- **Exercise data**:
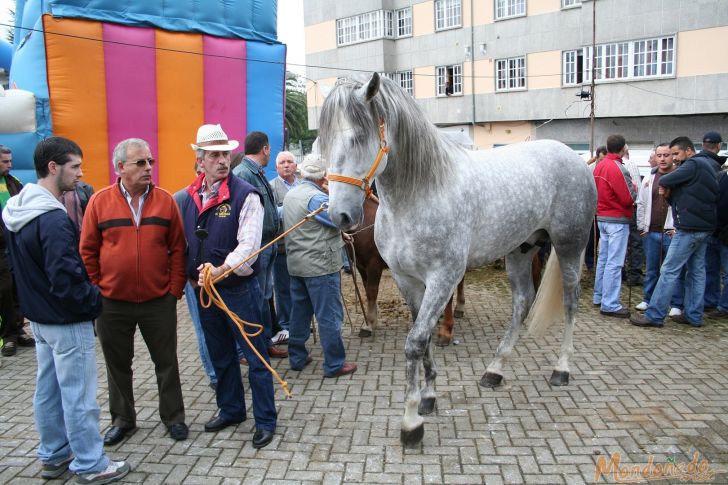 As San Lucas
Caballos en la feria
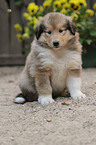 longhaired collie puppy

- **Brief**:
Would you restate the listing word for word and leave every picture out?

- **Answer to the exercise**:
 As San Lucas
Caballos en la feria
 longhaired collie puppy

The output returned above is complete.